While these bundles are logical combinations of strategies, other combinations could just as well be tested. The bundle analysis in Moving Cooler aims to demonstrate potential GHG reductions that arise from interaction when strategies are combined and coordinated.



MOVING COOLER BASELINE

The measures how effective each strategy reduces GHG emissions against a baseline. The authors derive this baseline from a projection of GHG emissions from years 2010 to 2050. They draw on an annual rate of vehicle and fuel technological change, consistent with forecasts of the U.S. Department of Energy in its annual “Alternative Energy Outlook” and the U.S. Department of Transportation’s examination of alterna¬tive Corporate Average Fuel Economy (CAFE). This baseline shows that innovations in vehicle and fuel technology will substantially reduce GHGs but that increases in travel and growth in the U.S. population will largely offset these gains. Consequently, the Moving Cooler baseline shows GHG emissions remaining roughly at 2005 levels through 2050.

The reductions in GHG emissions estimated to result from enacting different transportation strategies and bundles are expressed as a reduced percentage from  this baseline.

The figure below illustrates the relationship between the Moving Cooler baseline and some targets for national GHG emission reductions. The American Clean Energy and Security Act (HR 2454) (ACESA)  sets economy-wide GHG reduction targets in 2012, 2020, 2030, and 2050, compared with 2005 emission levels. The Moving Cooler baseline projects GHG emissions that are 104 percent of 2005 emissions. This projection is 21 percent higher than the 2020 targets in the ACESA and assumes that the ACESA reduction targets are distributed proportionately across all sectors.

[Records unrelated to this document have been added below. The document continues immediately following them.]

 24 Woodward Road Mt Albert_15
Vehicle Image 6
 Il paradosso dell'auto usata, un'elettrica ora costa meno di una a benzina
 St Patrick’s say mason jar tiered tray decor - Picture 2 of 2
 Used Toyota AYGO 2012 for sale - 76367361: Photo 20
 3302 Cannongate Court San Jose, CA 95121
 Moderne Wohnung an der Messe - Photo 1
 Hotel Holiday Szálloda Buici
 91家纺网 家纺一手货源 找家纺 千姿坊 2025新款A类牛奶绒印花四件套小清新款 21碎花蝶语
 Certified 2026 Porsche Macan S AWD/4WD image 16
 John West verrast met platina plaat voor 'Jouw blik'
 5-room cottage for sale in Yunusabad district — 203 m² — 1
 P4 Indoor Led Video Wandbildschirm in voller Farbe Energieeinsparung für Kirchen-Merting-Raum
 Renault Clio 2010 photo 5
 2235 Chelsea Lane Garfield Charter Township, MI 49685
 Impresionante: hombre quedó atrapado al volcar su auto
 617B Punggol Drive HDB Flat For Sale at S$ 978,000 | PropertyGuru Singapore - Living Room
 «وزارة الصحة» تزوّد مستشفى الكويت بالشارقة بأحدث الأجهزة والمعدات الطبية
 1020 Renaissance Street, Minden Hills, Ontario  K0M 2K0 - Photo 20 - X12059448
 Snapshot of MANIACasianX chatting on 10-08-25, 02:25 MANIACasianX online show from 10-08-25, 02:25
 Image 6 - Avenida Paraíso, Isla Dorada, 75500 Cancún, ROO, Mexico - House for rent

The study authors developed three baseline scenarios because the results of the strategy analysis are tied to the values in the baseline, and there is a degree of uncertainty with a forecast that extends more than 40 years. The alternative scenarios investigate the sensitivity of individual strategy and strategy bundle GHG reduction estimates to different baseline assumptions. The alternative scenarios assume:
  1. High prices of fuel prices and low level of VMT;
  2. Low prices of fuel and high level of VMT; and
  3. High degree of technology expansion and high levels of fuel economy combined with high levels of VMT
The study authors calculated the GHG emissions by extrapolating the national fuel efficiency standard proposed by President Obama beyond 2016 and assuming the same VMT growth rate as in the Moving Cooler baseline. As a result GHG emissions represent 98 percent of 2005 emissions, or 15 percent less than the 2020 target. The conclusion is that the Obama Administration proposal falls within the range of sensitivity analyses in the Moving Cooler study.